I'd like to leave these details out of the document. The examples should 
render convincingly in browsers. The text should now describe the 
behavior even if you open it in an editor that does things differently, 
and acknowledge that such editors exist. (The behavior of specific 
editors/toolkits might well change in the future.)
...
...
...
For example, with ``encoding: unicode_escape``, characters like
quotes or braces can be hidden in an (f-)string, with many tools (syntax
highlighters, linters, etc.) considering them part of the string.
For example::
I don't see the connection between the text above and the example that follows.
...
...
# For writing Japanese, you don't need an editor that supports
    # UTF-8 source encoding: unicode_escape sequences work just as well.
[etc]
Let me know if it's clear in the newest version, with this note:
...
Here, ``encoding: unicode_escape`` in the initial comment is an encoding
declaration. The ``unicode_escape`` encoding instructs Python to treat
``\u0027`` as a single quote (which can start/end a string), ``\u002c`` as
a comma (punctuator), etc.
Steven D'Aprano wrote:
...
...
...
Before the age of computers, most mechanical typewriters lacked the keys 
for the digits ``0`` and ``1``
I'm not sure that "most" is justifed here. One of the most popular 
typewriters in history, the Underwood #5 (from 1900 to 1920), lacked 
the 1 key but had a 0 distinct from O.
https://i1.wp.com/curiousasacathy.com/wp-content/uploads/2016/04/underwood-n...
The Oliver 5 (1894 – 1928) had both a 0 and a 1, as did the 1895 Ford 
Typewriter.

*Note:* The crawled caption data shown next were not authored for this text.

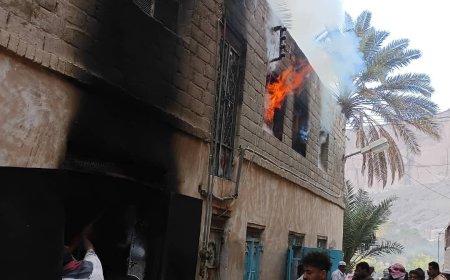 حريق هائل يلتهم محلاً تجارياً ويصل للنخيل في دوعن دون وجود إطفاء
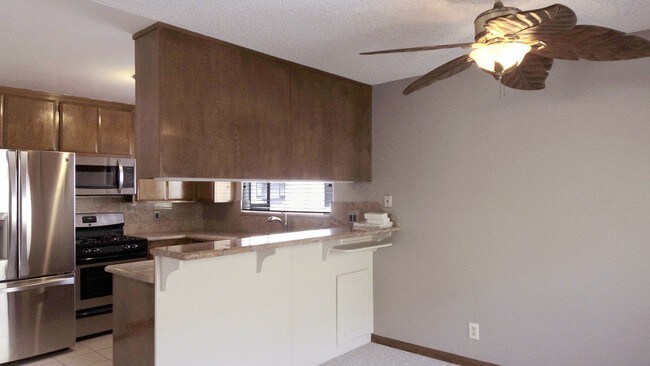 Dining room and kitchen - 26008 Alizia Canyon Dr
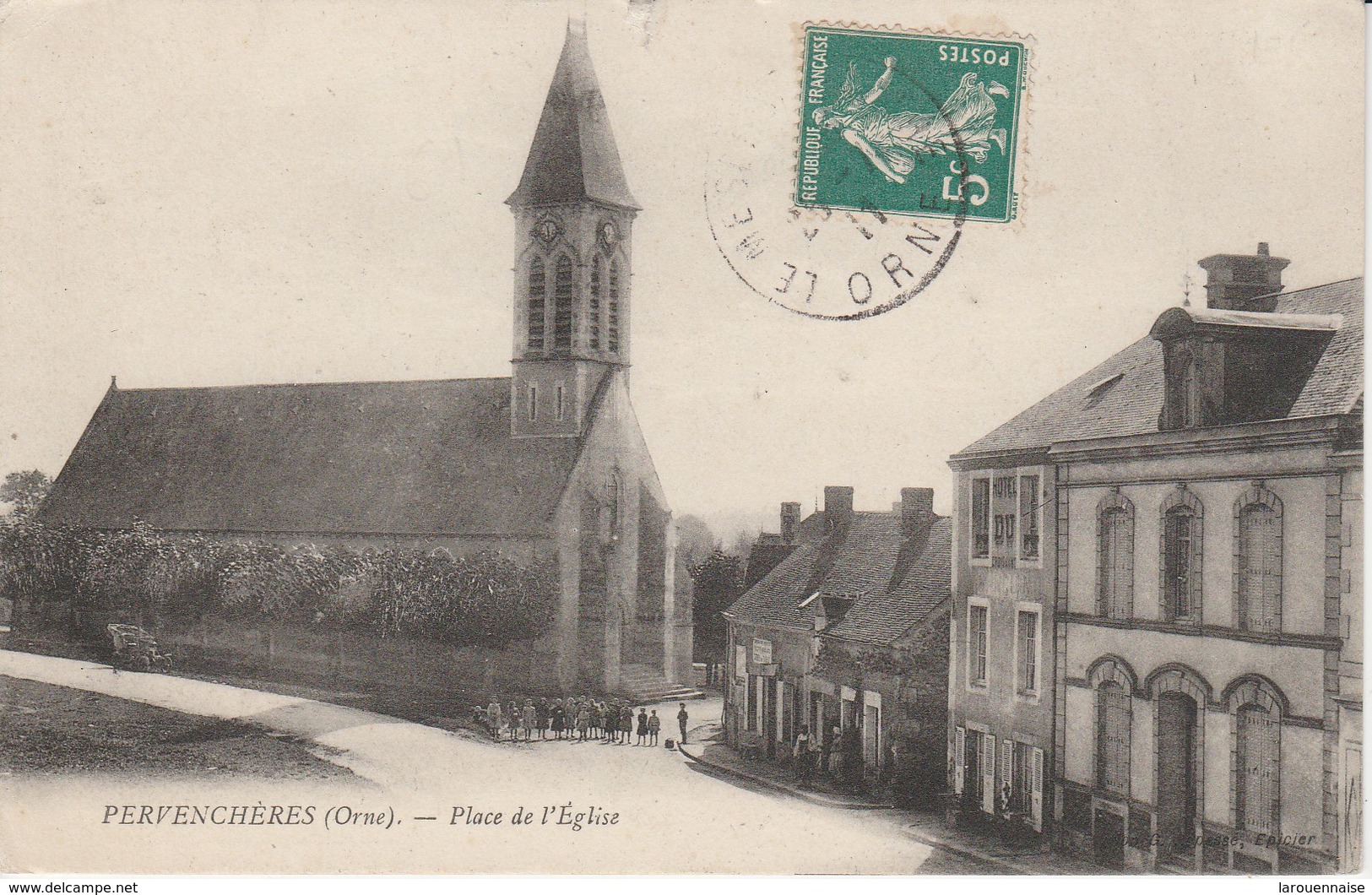 61 - PERVENCHERES -  Place de l'Eglise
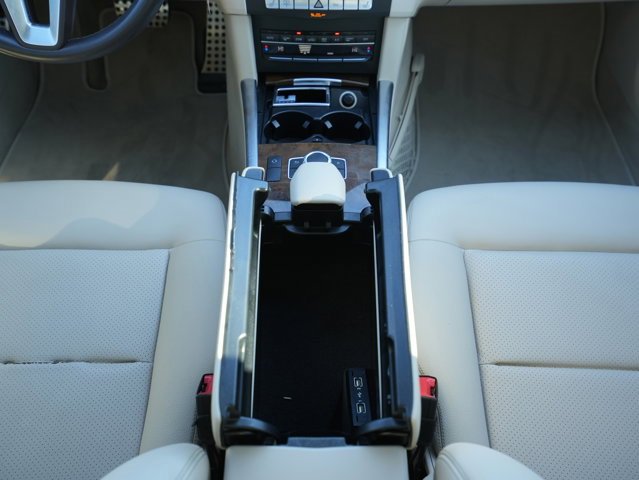 Used 2016 Mercedes-Benz E 350 Sedan image 30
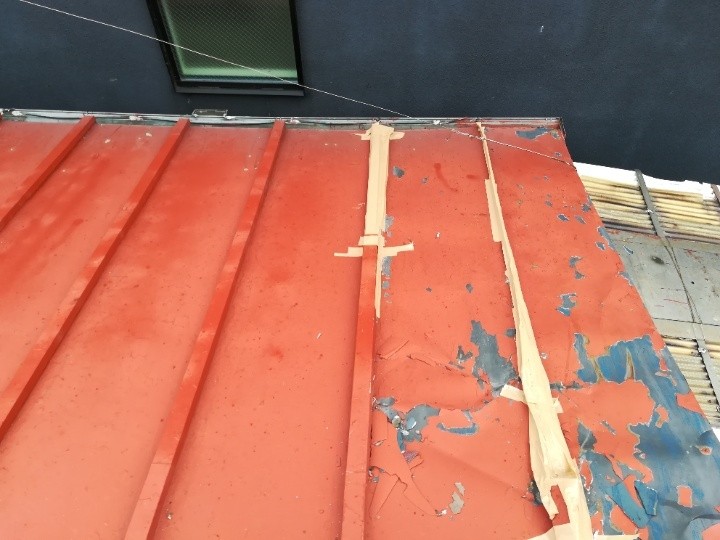 テープ補強が施された瓦棒部分の損傷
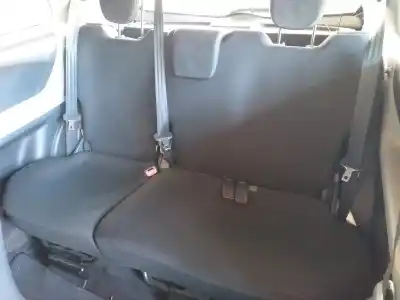 Автозапчастина б/у задні ліві сидідня для TOYOTA YARIS (NCP1/NLP1/SCP1) 1.3 Expo Посилання на OEM IAM   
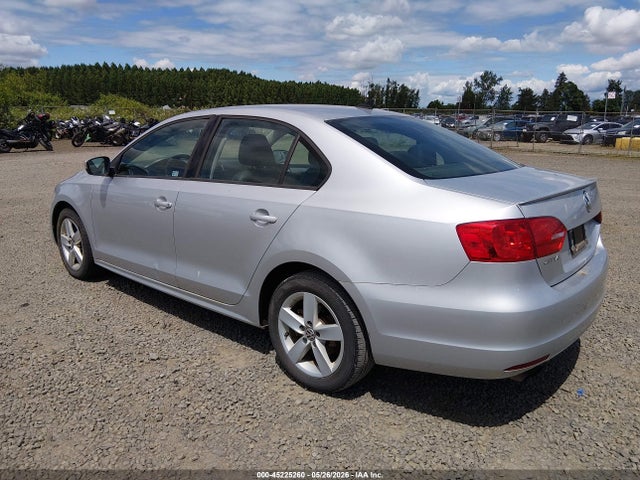 45225260 :رقم المزاد ، 3VW3L7AJ4CM346085 vin ، 2012 Volkswagen Jetta 2.0l Tdi مزاد بيع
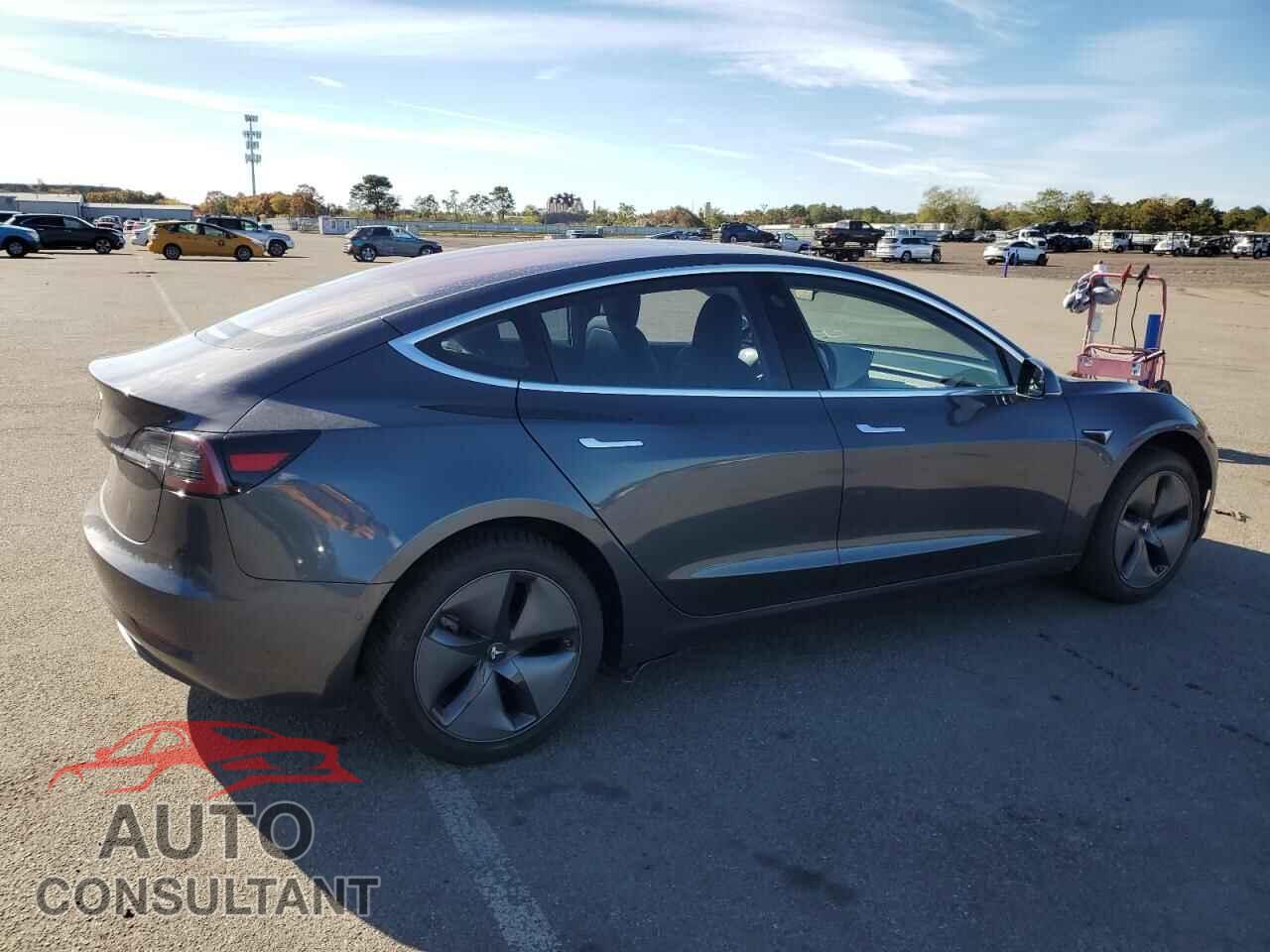 TESLA MODEL 3 2018 - 5YJ3E1EA7JF025888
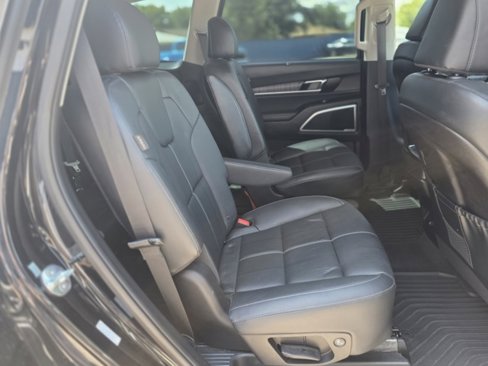 Used 2024 Kia Telluride EX w/ EX Captain's Chair Package image 28
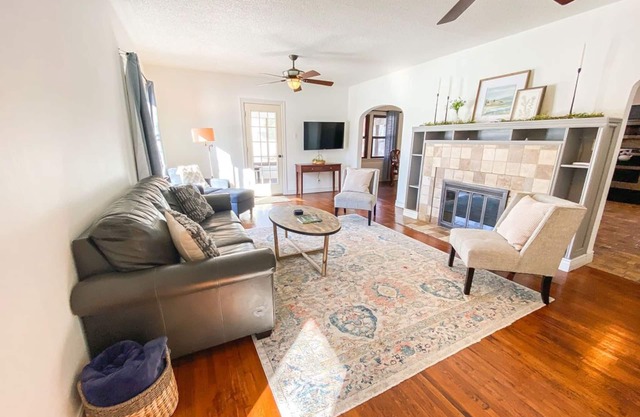 Cardinal House on Seminole - Charm and Comfort Await You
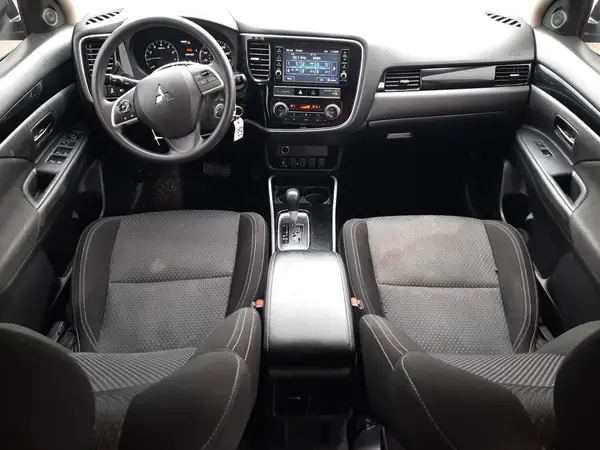 JA4AZ3A33KZ051702 2019 MITSUBISHI OUTLANDER - Image 8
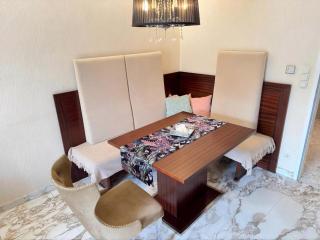 Historic Center Vienna Apartment w Free Parking - 5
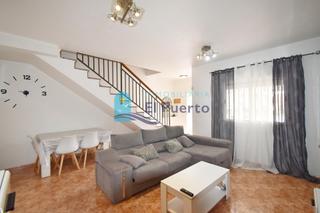 Duplex in La Cumbre-Cuatro Plumas. Dúplex de 4 dormitorios cerca de todos los servicios  ref 687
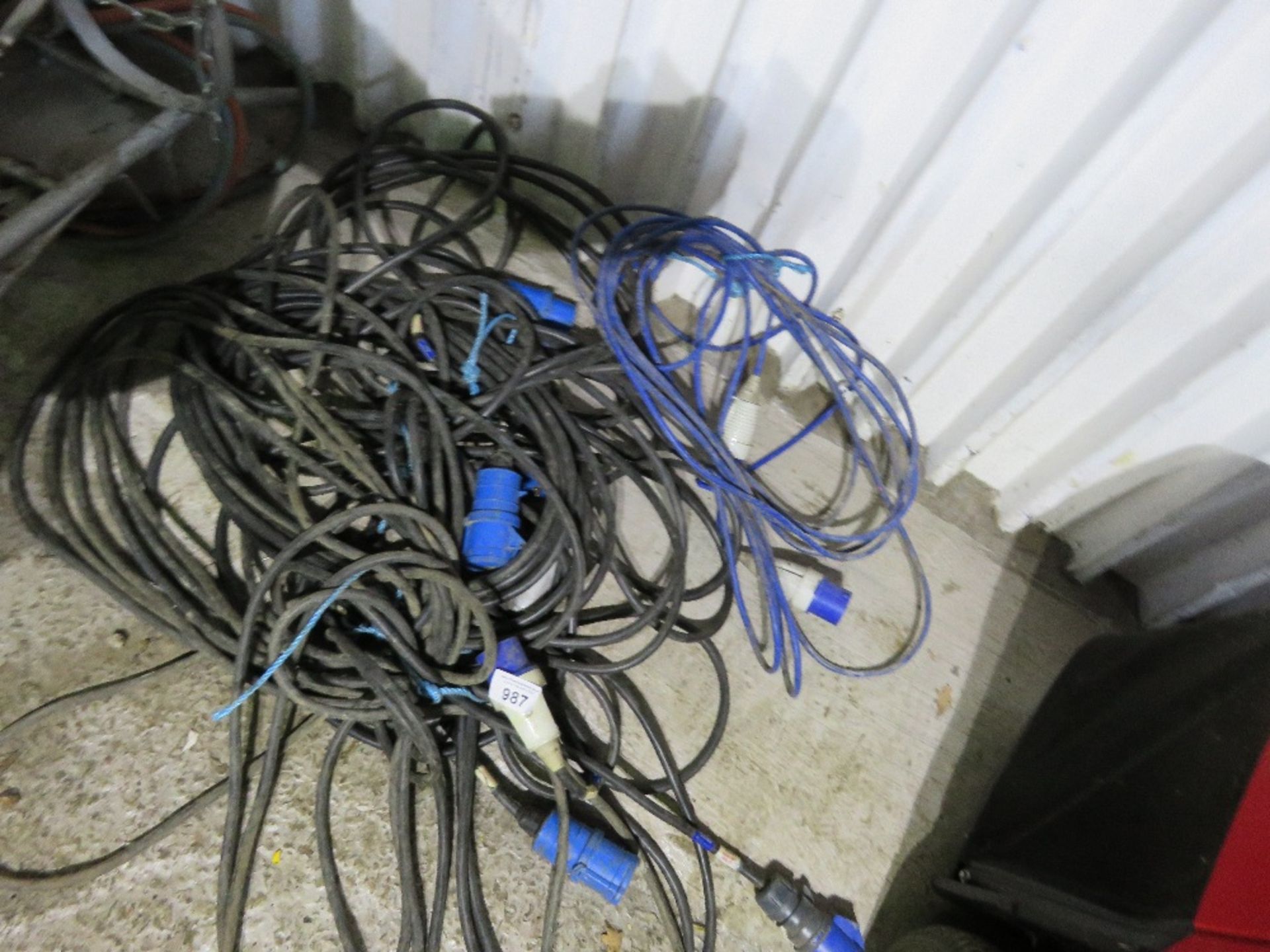 QUANTITY OF HEAVY DUTY 240VOLT EXTENSION LEADS.DIRECT FROM COMPANY LIQUIDATION. - Image 2 of 2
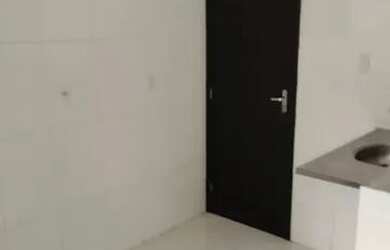 Imagem: A casa possui 2 Dormitórios, 2 Banheiros, 2 Vagas na garagem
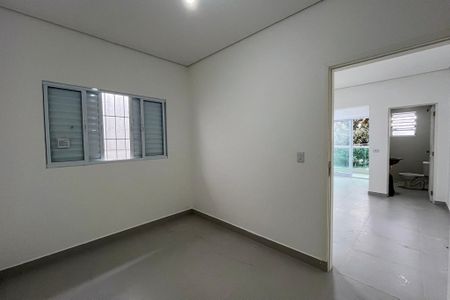Casa de condomínio para alugar com 38m², 1 quarto e sem vaga Casa de condomínio para alugar com 38m², 1 quarto e sem vagaQuarto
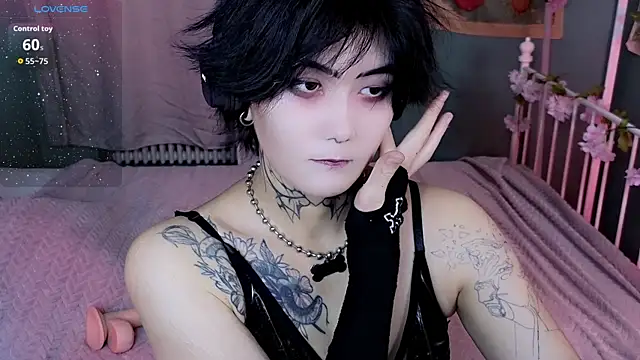 Snapshot of GothXRaven chatting on November 9, 2025, 12:20 pm GothXRaven online show from November 9, 2025, 12:20 pm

As did possibly the best selling typewriter in history, the 
IBM Selectric (introduced in 1961).
http://www.technocrazed.com/the-interesting-history-of-evolution-of-typewrit...
Perhaps you should say "many older mechanical typewriters"?
Ah, interesting! I only ever saw and read about ones that have a bunch 
of accented letters, leaving no space for dedicated 0/1 keys :)
My typewriter looks like this: https://imgur.com/a/J34gqVZ
...
...
...
Bidirectional Text
------------------
The section on bidirectional text is interesting, because reading it in 
my email client mutt, all the examples are left to right.
You might like to note that not all applications support bidirectional 
text.
It might be handled by your terminal rather than mutt.
I made the text work even if the examples don't render the way I'd like.